L'autre interprétation possible est celle qui triomphe
aujourd'hui : la femme - comme l'homme - sont des êtres
que la société et les moeurs ont produits. Les êtres
humains sont au départ ni hommes ni femmes (quoiqu'ils
aient un sexe « physiologique » différent,
considéré alors comme une donnée morphologique
dénuée de sens). C'est la société
qui les assigne au masculin ou au féminin.
***
Ce jugement n'a en fait rien de nouveau. C'est ce que sociologues
et psycho- logues savent déjà depuis longtemps.

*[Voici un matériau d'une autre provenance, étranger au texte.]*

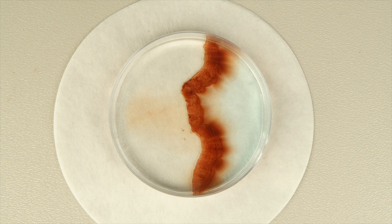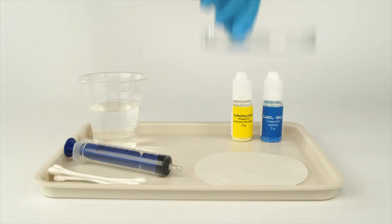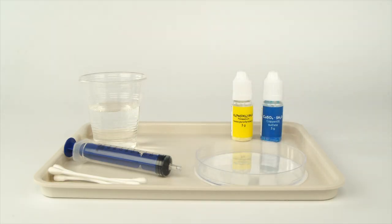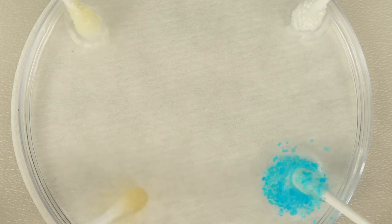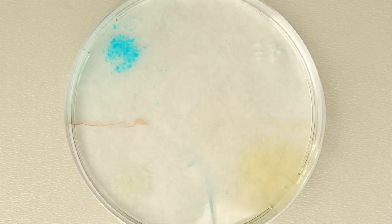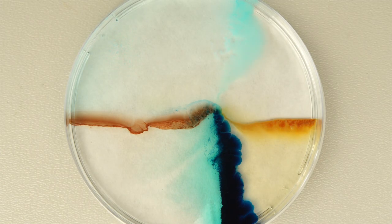Try making four different reefs at once. To do this, you'll need the large petri dish, sodium carbonate and ammonium iron 3 sulfate — iron alum. Experiment with various combinations of the solid reagents to make a wide variety of beautifully colored reefs.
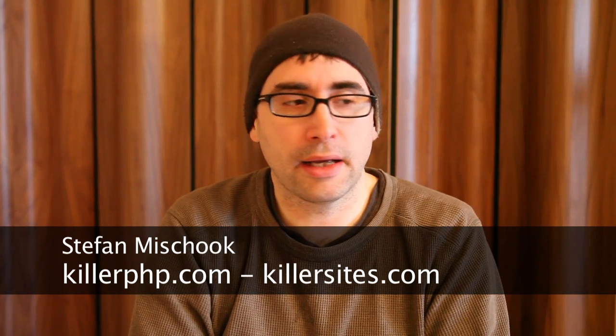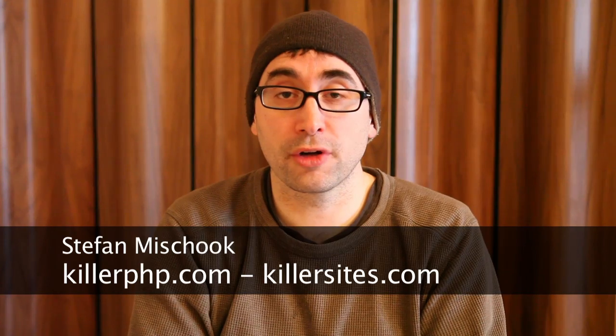And I can guarantee you that if there's that huge warning message — 'this site isn't secure' — your sales are going to be affected in a negative manner. There you go, that's my little video tip for today. We'll talk soon. Ciao.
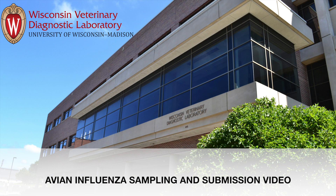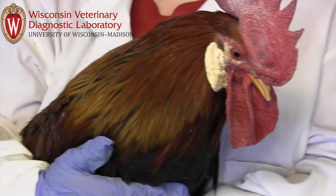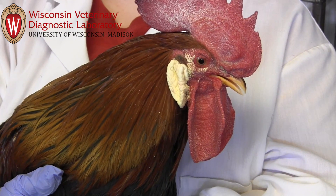This video addresses testing for avian influenza in chickens and other gallinaceous birds, including turkeys, pea fowl, guinea fowl, and game birds such as pheasant and quail. We will cover how to order sampling materials, how to appropriately swab the birds, how to correctly inoculate a tube of broth, and how to return the sample to the Wisconsin Veterinary Diagnostic Lab for testing.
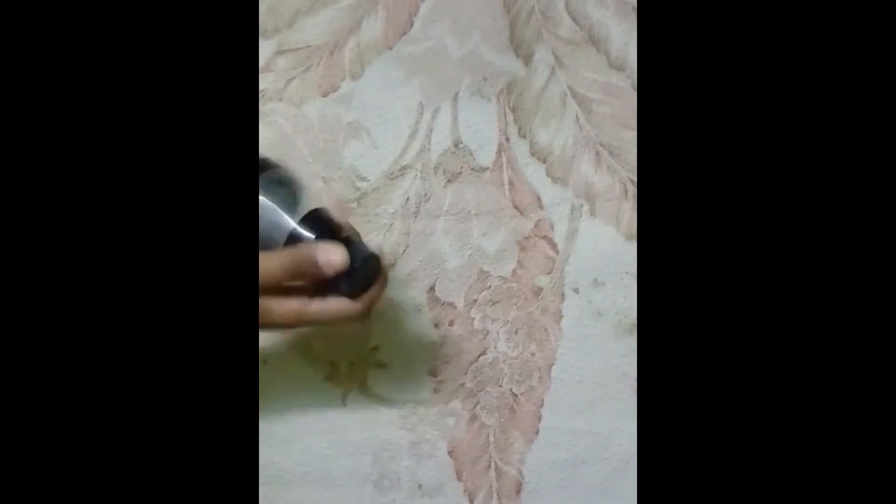Hello everyone, welcome to my channel Abba's Little Kids. Hope you all are doing well. I have this plastic bottle. Today I am going to do a DIY in this plastic bottle. So let's start.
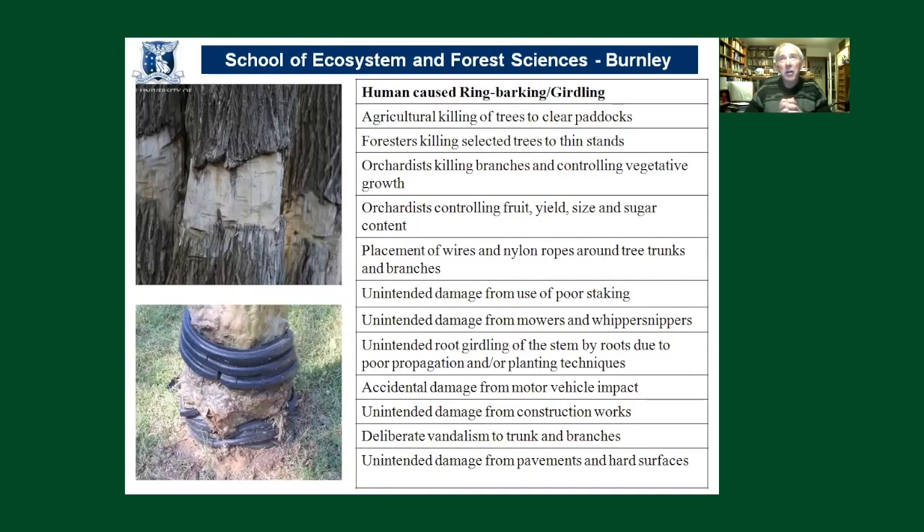Ring barking and girdling can occur for a whole range of reasons, but most often we're talking about human-caused events. It was a common agricultural practice — and still is in some parts of the world — for killing native vegetation to clear land for farming. Foresters killed selected trees with it; orchardists killed selected branches to control vegetative growth or fruit size and yield. And of course there's accidental ring barking from wires, ropes, and poor staking, as well as from mowers and brush cutters.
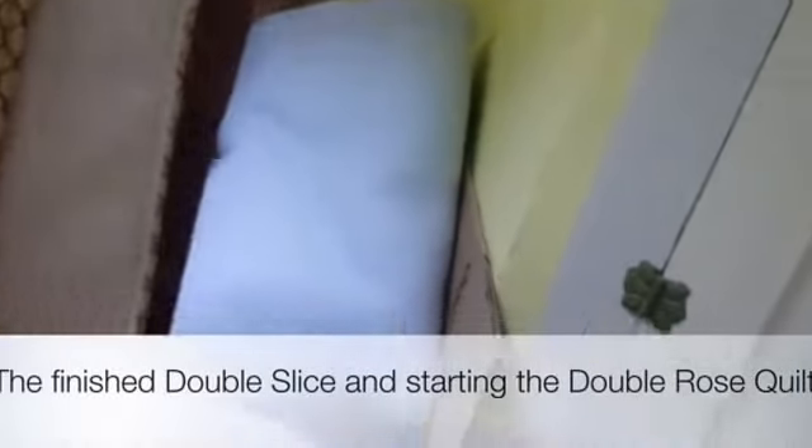I have finished my camper quilt. It is all done — it's all quilted. Yay!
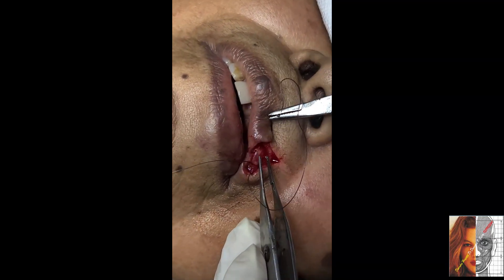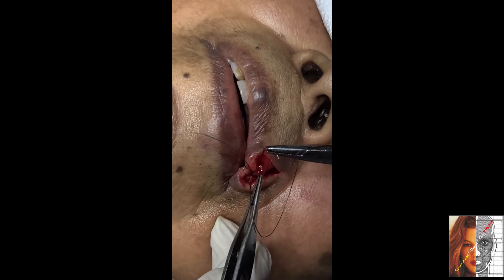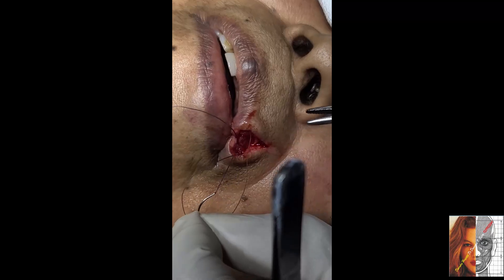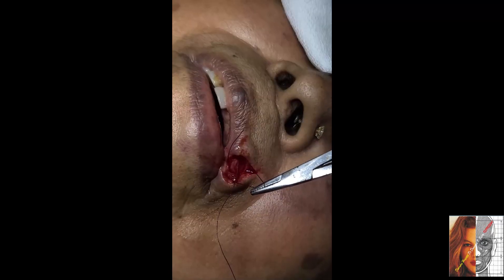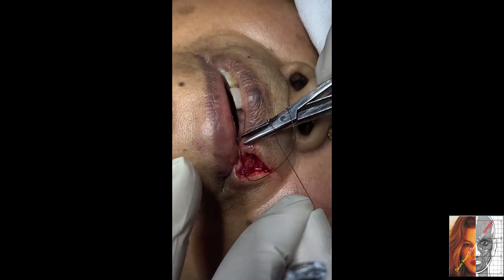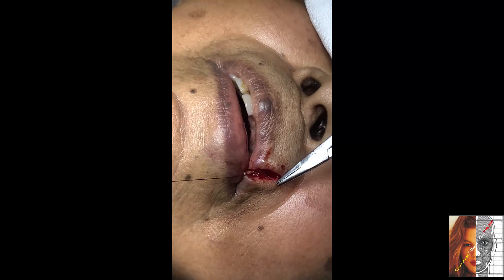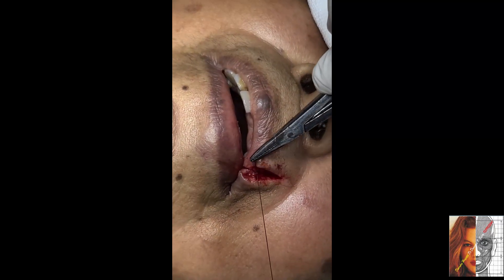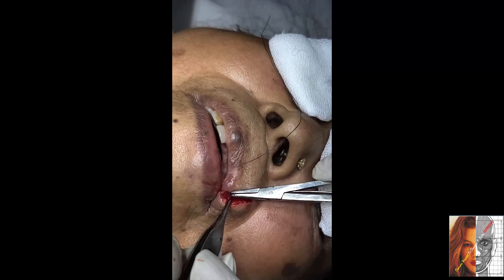Now explore the muscle from this area. So this is from here. Take the bite from the other part of the muscle and now repair it. 4-0 Vicryl for repair of the muscle — the muscle is here.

Ce qui est radicalement nouveau par contre, c'est la conclusion
politique que l'on en tire. Elle fait vaciller les bases mêmes
de la société et de la définition du sujet
humain. L'analyse sociologique, si elle statuait sur la construction
sociale des genres, n'avait en effet jamais tiré la conclusion
que cette construction était arbitraire et le fruit d'une
domination qu'il fallait renverser ni que chaque individu pouvait
décider librement, au nom de l'individualisme et du libre
arbitre, de quel genre il serait.
Ici, nous voyons deux idées beauvoiriennes se télescoper
: celle de la construction sociale du féminin et celle
du féminin comme condition marquée par la domination.
Si on est ici sorti de la pensée de S. de Beauvoir, il
faut reconnaître qu'elle prête le flanc à un
tel glissement. Le fait que les genres soient socialement construits
signifie-t-il que le sexe n'implique pas une identité ?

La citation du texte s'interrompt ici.